Wednesday, May 15, 2013

Scanners

Scanners - tappava ajatus / Scanners - dödande tanke. CA © 1980, premiere 1981. [A very long copyright information notice: Unit-holders...]. PC: Filmplan International, The Canadian Film Development Corporation. EX: Pierre David, Victor Solnicki. P: Claude Héroux. D+SC: David Cronenberg. DP: Mark Irwin - Panaflex Cameras and Lenses by Panavision - lab: Bellevue Pathé Québec Inc. - Eastmancolor - 1,85:1. AD: Carol Spier. Cost: Delphine White. SFX: Gary Zeller. Micro effects: Dennis Pike. Special makeup effects consultant (prosthetics for the exploding heads): Dick Smith. Special makeup: Stephan Dupuis, Tom Schwartz, Chris Walas. Makeup: Brigitte McCaughry. Hair: Constant Natale. Sculptors: Peter Borowski, Tom Coulter, Peter Dowker. M: Howard Shore. S: Peter Burgess. ED: Ronald Sanders. C: Jennifer O’Neill (Kim Obrist), Stephen Lack (Cameron Vale), Patrick McGoohan (Dr. Paul Ruth), Lawrence Dane (Braedon Keller), Michael Ironside (Darryl Revok), Adam Ludwig (Arno Crostic), Robert Silverman (Benjamin Pierce), Mavor Moore (Trevellyan). Loc: Montréal (Québec, Canada). Helsinki premiere: 7.8.1981 Savoy, released by Suomi-Filmi with Finnish / Swedish subtitles by T.M. Hagström - vhs: 1984 Mistar, Nordic Video, Finn Innovation - dvd: 2003 Future Film - telecasts: 6.5.2004 Subtv, 26.8.2008  MTV3 – VET 89284 – K18 - 2825 m / 103 min. A vintage KAVA print viewed at Cinema Orion, Helsinki (David Cronenberg), 15 May 2013

I had never seen Scanners before, although I'm familiar with most of David Cronenberg's films, and I found it fascinating in many ways.

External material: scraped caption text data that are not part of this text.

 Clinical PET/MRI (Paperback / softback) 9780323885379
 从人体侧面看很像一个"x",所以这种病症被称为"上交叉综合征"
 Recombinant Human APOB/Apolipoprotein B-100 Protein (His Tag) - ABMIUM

First of all, it is the earliest cyberpunk movie I have seen. I had thought that cyberpunk cinema starts with Blade Runner (1982) and Videodrome (1983), but Scanners has already one of the most spectacular and definitive cyberpunk sequences of all times: the turning-point where Cameron Vale (Stephen Lack) scans into the ConSec computer network via telephone and causes the entire computer center to explode. Also the telephone wires explode, and the receiver melts in Cameron's hand.

Another intriguing aspect is the morbid art gallery and the visit to Benjamin Pierce (Robert A. Silverman), a morbid sculptor, constantly rehabilitating himself through art. "You are one of me?" "It's the voices driving me crazy." "My art keeps me sane." The melancholy sequence is the most profound in the movie, which is to a large degree an action movie with gunfights, car chases and explosions.

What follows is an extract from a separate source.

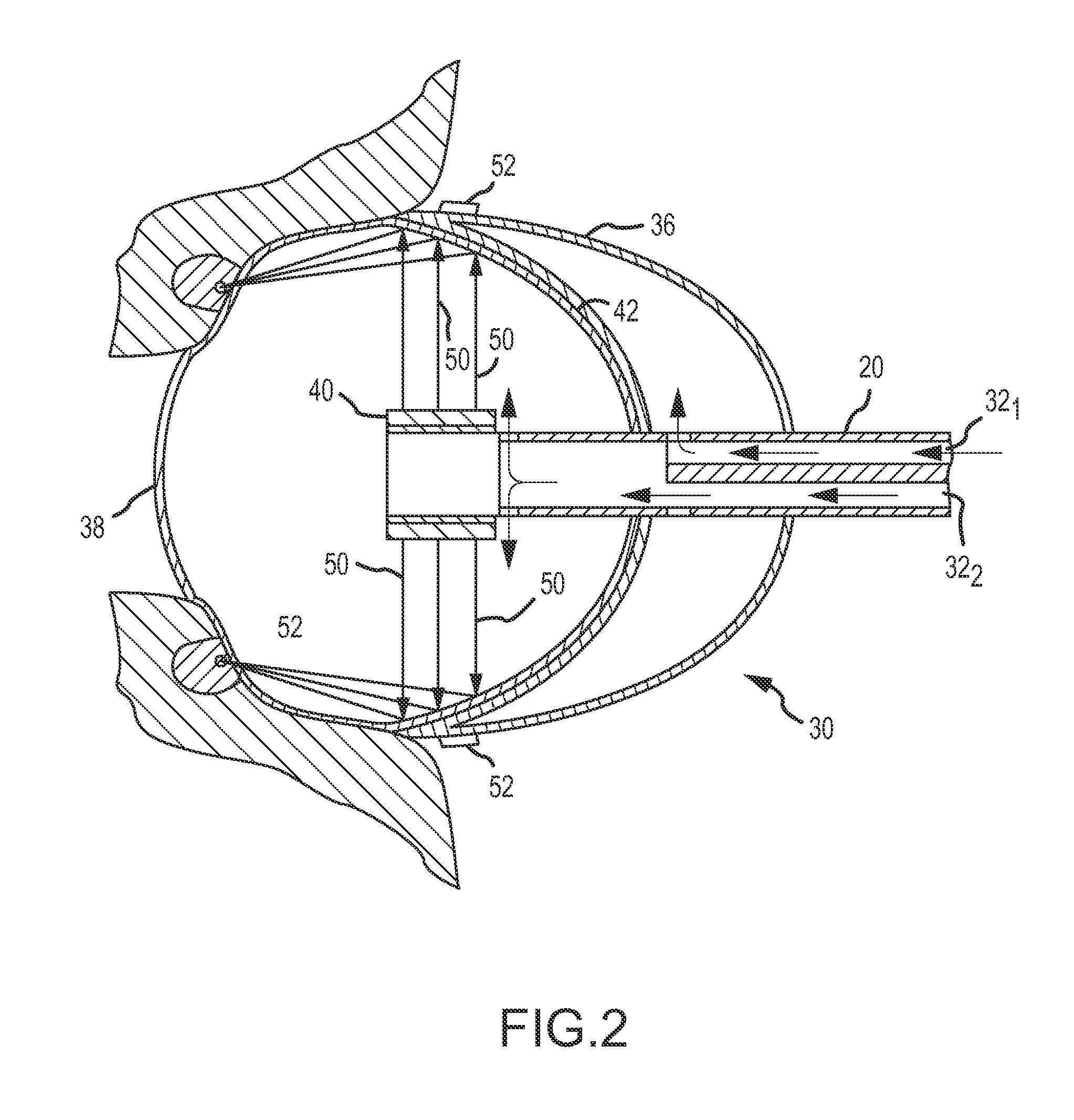 Ablation system with blood leakage minimization and tissue protective capabilities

Scanners is known as a futuristic thriller and a science fiction movie slightly untypical for Cronenberg for example because there is no sex in it. It is also a good horror movie. In the conclusion, before their final  showdown, it turns out that the two main scanners, Cameron Vale and Darryl Revok (Michael Ironside) are, in fact, brothers. Their mother had taken in 1946 before their birth a medicine called Ephemerol which had the side-effect of giving the sons a devastating, even lethal and destructive, power of telepathy ("scanning") and telekinesis. In the gruesome finale Kim Obrist (Jennifer O'Neill) discovers the burned remains of one of them... and a new creature, an amalgam of them both.

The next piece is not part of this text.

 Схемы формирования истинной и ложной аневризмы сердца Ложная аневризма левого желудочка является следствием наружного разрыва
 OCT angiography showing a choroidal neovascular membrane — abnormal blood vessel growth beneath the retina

I like Cronenberg's approach to horror here: the direct, straight approach to action, with an impulse to burst into laughter just beneath, never obviously, yet with a profound sadness about the basic theme of manipulation of all kinds: medical, genetical, and computer-driven.

The film is well-made but not slick, and a certain raw, unpolished, even cheesy quality does not harm it or is perhaps a part of its charm.

The heavily used print has retained its colour (for instance the autumn colours towards the ending look wonderful), and although there is at times a slightly soft and duped feeling mostly it's good enough and at times even very good. Not bad.